PROVIDED MATERIAL:
----
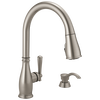 Single Handle Pull-Down Kitchen Faucet with Soap Dispenser and ShieldSpray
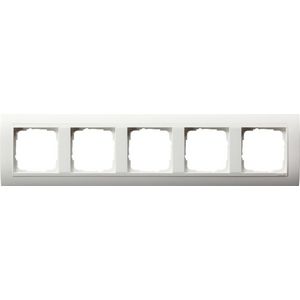 Afdekraam 5-voudig bred Gira Standard 55 zuiver wit m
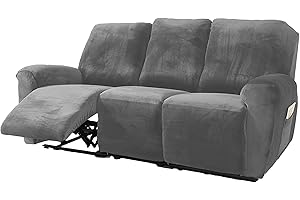 NORTHERN BROTHERS Velvet 8 Pieces Recliner Sofa Covers 3 Seater, Stretch Recliner Couch Cover for Reclining Couch, Thick Soft Reclining Couch Cover Washable for Kids, Light Grey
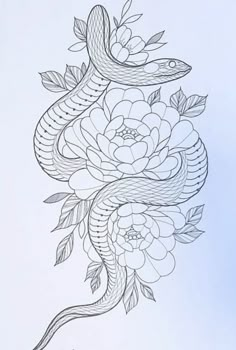 a drawing of a snake with flowers on it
----
INSTRUCTIONS FOR THE TASK:
Write out every line above exactly as it is, leaving out the pictures.

ANSWER SPACE:
 Single Handle Pull-Down Kitchen Faucet with Soap Dispenser and ShieldSpray
 Afdekraam 5-voudig bred Gira Standard 55 zuiver wit m
 NORTHERN BROTHERS Velvet 8 Pieces Recliner Sofa Covers 3 Seater, Stretch Recliner Couch Cover for Reclining Couch, Thick Soft Reclining Couch Cover Washable for Kids, Light Grey
 a drawing of a snake with flowers on it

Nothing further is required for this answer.